Happy 53rd birthday, downtown redevelopment

K Street circa _____: You name the year.

K Street circa _____: You name the year.

SN&R Photo By Shoka

In March of this year, Mayor Heather Fargo gave a big speech, her annual “State of the Downtown” presentation. I just re-read it, wanting to see what was on her to-do list for 2007.

It was about what you’d expect: revitalizing the 700 and 800 blocks of K Street with upscale shopping, moving the Greyhound station, and seeing the Downtown Plaza reinvigorated.

“We will go over, under, and straight through obstacles to get this done. Period,” she explained.

She could re-use the speech next year, since that stuff didn’t get done. Period. Maybe she could use some of the same filler, too, as when Fargo riffed on being a baby-boomer mayor in a maturing city. “Did you know that David Bowie turned 60 on Monday?” she asked.

“No,” I thought. Then I thought about my mom, who loves David Bowie.

Sacramento mayors have been giving some version of this same speech about downtown—perhaps without the references to aging rock stars—for more than 50 years now.

That’s because Sacramento’s attempt at downtown redevelopment is a baby boomer, too, just like my mom, and my mayor, and David Bowie.

What today we call the “Merged Downtown Redevelopment Project Area” was born in 1955, the same year that Disneyland opened, and the first McDonald’s. It’s since grown to cover 300 acres, including, of course, K Street and the rail yards. It’s blown through more than $300 million in its long life.

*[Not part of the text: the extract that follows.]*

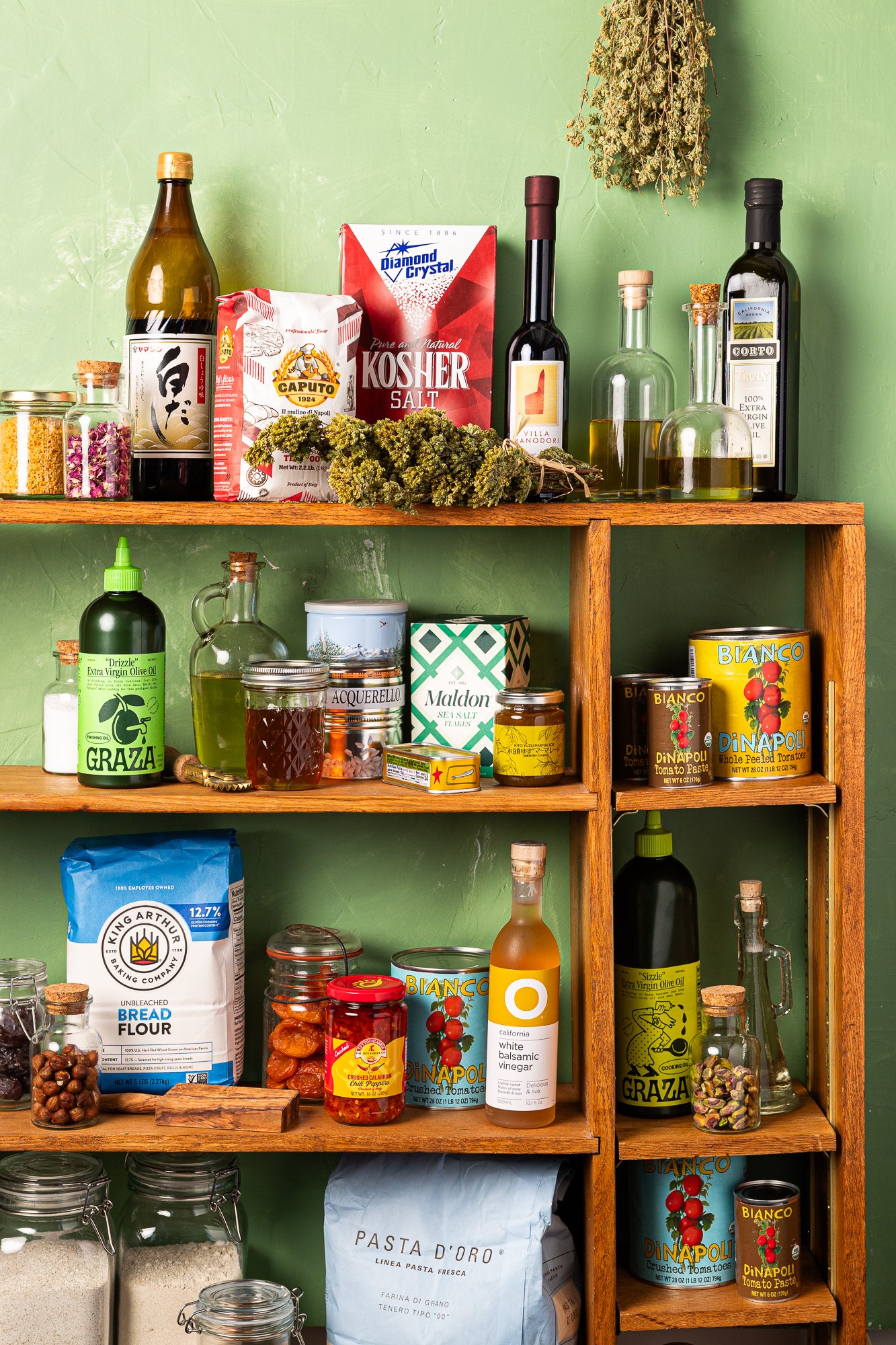 0054_PANTRY Hero_BTR_GALDOPHOTO.jpg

Of course, like a lot of baby boomers, urban renewal is starting to show its age. It gets set in its ways. It gets grumpy and self-righteous when things go badly.

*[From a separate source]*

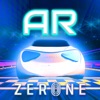 코딩카 제론 AR 코딩 게임 icon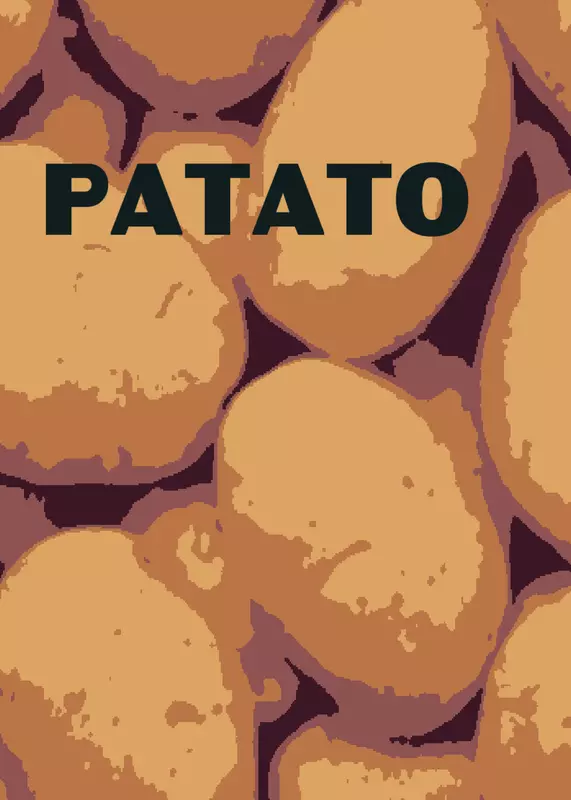 Game by @--Potato--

That’s what happened when voters emphatically voted down Measures Q and R, which would have raised sales taxes to build a Kings arena in the rail-yards redevelopment area. Shortly after Fargo’s “State of the Downtown” speech, the Sacramento County Grand Jury blasted the whole arena scheme, saying that she and other local political leaders had “pandered” to the Kings, and kept voters in the dark about the arena’s financing plan.

That made the arena boosters cranky. When the report came out this June, county Supervisor Roger Dickinson went all Spiro Agnew, calling the grand jury report, “a political polemic of fiction and fantasy.” Easy, easy, pops, it’s just the Grand Jury. What do they know?

It’s not hard to understand why the friends of redevelopment were a little defensive this year. There was the arena boondoggle. Then John Saca’s iconic $600 million Towers project went flaccid. The nastiest fight was probably the K Street redevelopment war between the city and landlord Moe Mohanna. Bee columnist Marcos Breton has made his living this year harrumphing about Mohanna. In various columns he has called K Street, “a caldron of neglect,” “a toilet where potential is being flushed,” and a place where “scores of teenagers loitered with no purpose. Where were their parents? Why weren’t they in school?” Yeah, and those punks better stay off Mr. Breton’s lawn, too.